Improved 3D characterization of in-situ soil desiccation cracking by multi-source data integration

Abstract

Desiccation cracking is a common and natural phenomenon under a drought climate. The geometric and morphologic characteristics of the crack pattern are critical to understanding the response of soil mechanical and hydraulic properties to drought climate. It is always a big challenge to obtain the refined geometric structure of the in-situ soil desiccation crack network. This study proposes an integrated method named ERT⁺ for determining the three-dimensional geometry of in-situ soil desiccation crack networks by integrating multi-source data from electrical resistivity tomography (ERT), surface image analysis, and depth investigation.
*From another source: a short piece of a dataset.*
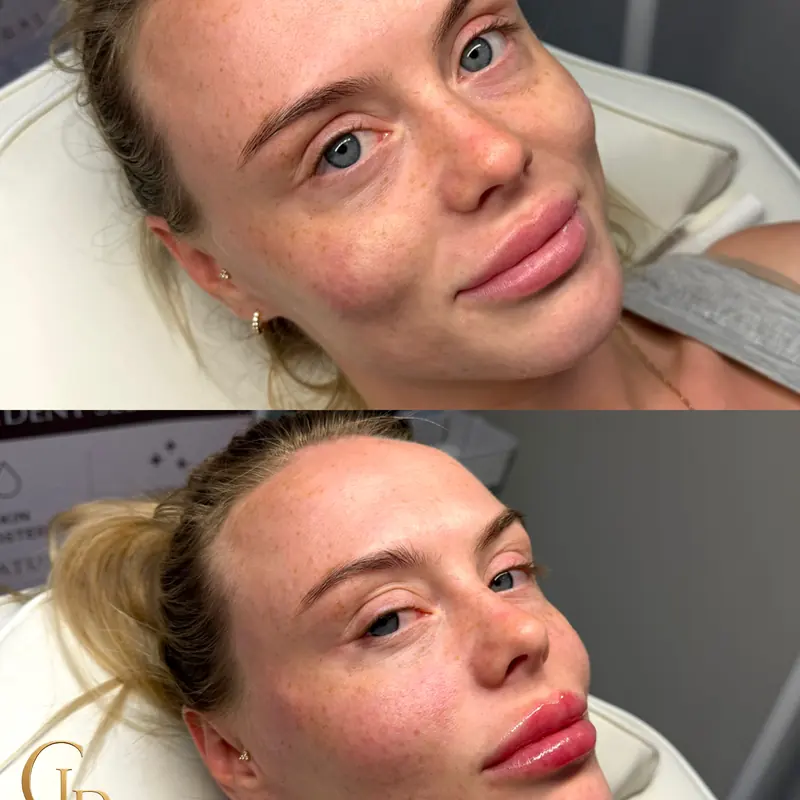 Before and after lip filler with Haus of CLB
The proposed method was applied to three in-situ expansive soil sites with different crack geometries and soil properties. The results showed that the joint application of ERT with other investigations reduced the ambiguity of interpreting each technique independently. The crack network model characterized the three-dimensional geometric structure of the desiccation crack accurately and quantitatively, verifying the effectiveness and feasibility of the ERT⁺ method. Field and laboratory experiments showed that heterogeneity in soil properties resulted in different cracking morphologies (width, depth, and width-depth ratio). The crack geometric data suggested that the width-depth ratio of the crack network was related to the cracking modes and the soil properties, indicating the non-homology of different crack networks. In addition, the correction gradients calculated from the ERT⁺ method also varied with the cracking modes and soil properties, further suggesting the reliability and prospect of the proposed method.